Source records:
↓↓↓
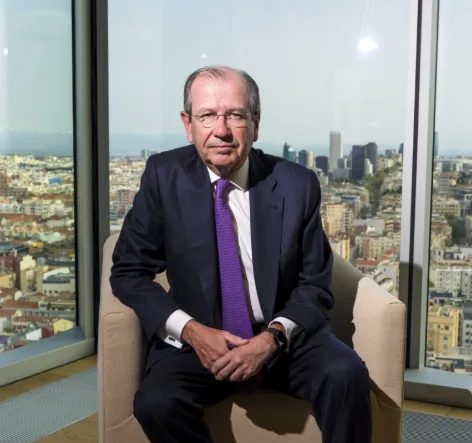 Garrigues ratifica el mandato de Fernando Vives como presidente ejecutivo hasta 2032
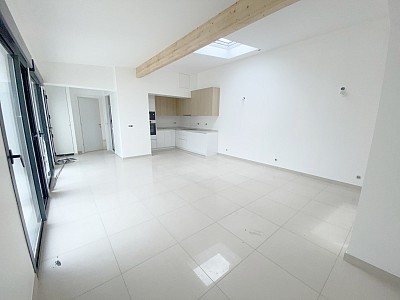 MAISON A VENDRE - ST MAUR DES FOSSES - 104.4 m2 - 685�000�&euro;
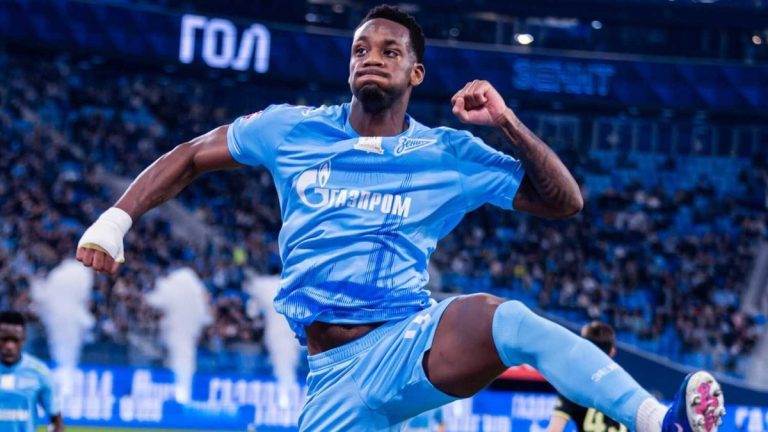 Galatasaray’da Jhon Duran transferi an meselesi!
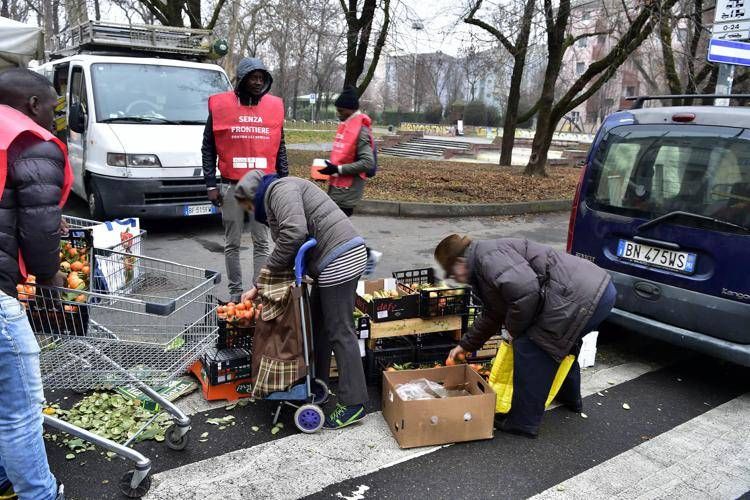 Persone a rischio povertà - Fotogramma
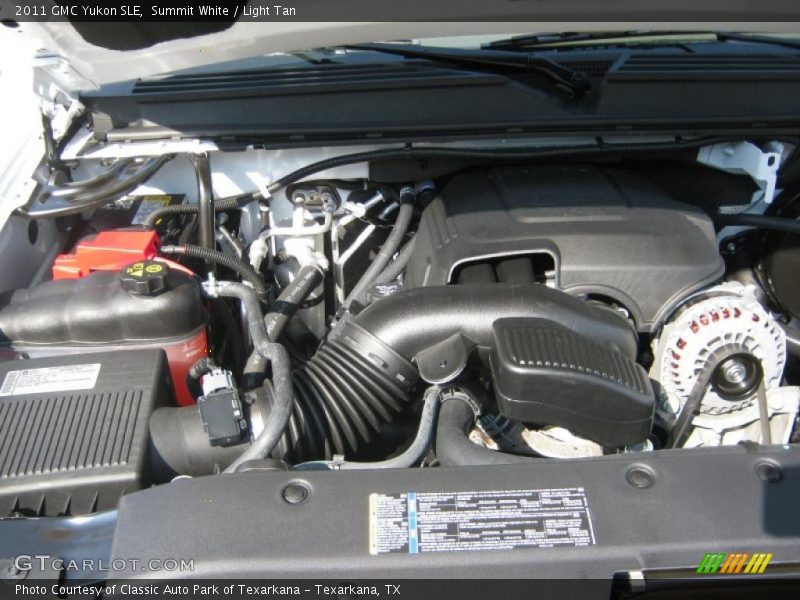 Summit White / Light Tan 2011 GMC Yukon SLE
↑↑↑
↓↓↓
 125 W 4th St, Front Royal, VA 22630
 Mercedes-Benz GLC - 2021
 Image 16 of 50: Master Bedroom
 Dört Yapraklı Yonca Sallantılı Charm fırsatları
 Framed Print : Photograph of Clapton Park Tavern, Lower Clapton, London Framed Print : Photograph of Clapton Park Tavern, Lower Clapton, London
↑↑↑
# [WHAT IS EXPECTED]
Retype the records above, but only those lines that fall between the line containing "Image 16 of 50: Master Bedroom" and the line containing "Clapton, London Framed", with both of those lines included, exactly as written.

# [ANSWER SECTION]
 Image 16 of 50: Master Bedroom
 Dört Yapraklı Yonca Sallantılı Charm fırsatları
 Framed Print : Photograph of Clapton Park Tavern, Lower Clapton, London Framed Print : Photograph of Clapton Park Tavern, Lower Clapton, London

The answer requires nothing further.